Exploradora de una casa suntuosa

que no es la mía, has elegido

esta ocasión para abandonarme,

buscándote entre dos muros de hierro.

Sin ti percibo cada día un nuevo objeto,

al que no puedo definir, ni tan siquiera tocar,

debes volver, inteligencia, tú eres el puente

por el que mi caminar es veloz.

Siento un vendaval de hielo rociando mi alma,

cuando creo que tu ausencia  es eterna.

¿ Inteligencia, tanto dolor sientes,

que reniegas de lo que amas?

Tengo ganas de llorar porque tú me faltas,

sin ti no puedo ni siquiera respirar,

correr por estos pasillos,

oscuros y tediosos para el alma herida.

Siento tu despertar tan lejano,

Se, querida inteligencia, que estás asustada,

que sientes miedo de retornar,

vives en el continuo silencio.

¡Vuelve, inteligencia!
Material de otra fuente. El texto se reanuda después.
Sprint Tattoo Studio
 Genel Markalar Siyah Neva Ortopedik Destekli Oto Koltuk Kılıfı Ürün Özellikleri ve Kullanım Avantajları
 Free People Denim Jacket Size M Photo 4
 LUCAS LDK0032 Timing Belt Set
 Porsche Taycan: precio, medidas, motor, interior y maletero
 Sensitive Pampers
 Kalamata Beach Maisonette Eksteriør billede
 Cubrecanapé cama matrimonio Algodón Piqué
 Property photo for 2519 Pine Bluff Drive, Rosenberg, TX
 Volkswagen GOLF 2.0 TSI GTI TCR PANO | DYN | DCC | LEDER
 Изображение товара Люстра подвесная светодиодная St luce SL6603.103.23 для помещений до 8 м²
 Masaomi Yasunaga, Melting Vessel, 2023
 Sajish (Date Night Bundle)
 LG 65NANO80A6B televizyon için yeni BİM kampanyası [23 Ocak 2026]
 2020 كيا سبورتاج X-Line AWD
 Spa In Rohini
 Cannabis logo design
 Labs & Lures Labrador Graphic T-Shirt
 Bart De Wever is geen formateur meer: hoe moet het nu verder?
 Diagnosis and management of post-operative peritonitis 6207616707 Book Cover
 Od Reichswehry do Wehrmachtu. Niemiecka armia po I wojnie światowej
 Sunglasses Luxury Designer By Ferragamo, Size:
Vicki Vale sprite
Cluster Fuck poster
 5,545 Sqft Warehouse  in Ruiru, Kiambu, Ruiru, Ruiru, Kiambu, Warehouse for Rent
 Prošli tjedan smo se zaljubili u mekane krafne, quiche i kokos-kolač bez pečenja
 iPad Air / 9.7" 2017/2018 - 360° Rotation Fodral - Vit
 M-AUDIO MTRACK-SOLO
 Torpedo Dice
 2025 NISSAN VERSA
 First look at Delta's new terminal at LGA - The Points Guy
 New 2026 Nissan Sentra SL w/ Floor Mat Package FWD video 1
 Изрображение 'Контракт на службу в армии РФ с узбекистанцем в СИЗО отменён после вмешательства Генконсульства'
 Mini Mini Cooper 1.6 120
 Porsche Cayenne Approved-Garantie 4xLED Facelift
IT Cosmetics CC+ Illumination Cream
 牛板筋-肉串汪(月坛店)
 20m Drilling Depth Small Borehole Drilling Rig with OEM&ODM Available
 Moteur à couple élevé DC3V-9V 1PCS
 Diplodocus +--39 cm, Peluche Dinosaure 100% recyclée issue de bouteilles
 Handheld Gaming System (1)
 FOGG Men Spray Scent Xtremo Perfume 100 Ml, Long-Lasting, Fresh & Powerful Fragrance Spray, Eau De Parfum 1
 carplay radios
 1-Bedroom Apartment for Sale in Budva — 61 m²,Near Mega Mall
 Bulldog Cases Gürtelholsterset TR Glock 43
Es la hora de despertar,

es el momento de consolarme,

es el instante de volver a encontrarte,

tú que vives en un sueño amargo;

te refugias del mundo que te zahirió.

 

 

 

Una  copa de cristal se desliza

entre mis manos temblorosas,

siente bailar entre sus dedos rítmicos

su movimiento estridente, violento…

¡Cuántas veces ha caído al suelo

mi frágil y pequeña copa,

incitándome a que acaricie su cuerpo dolorido,

 sienta cada una de sus heridas!

La observo con tristeza,

palpo sus cristales,

una cara se halla desdibujada,

un cuerpo cae al vacío.

Una espada de hielo afilada

atraviesa el ancho mar de mi alma,

vibrando al mismo ritmo de mi copa tambaleante.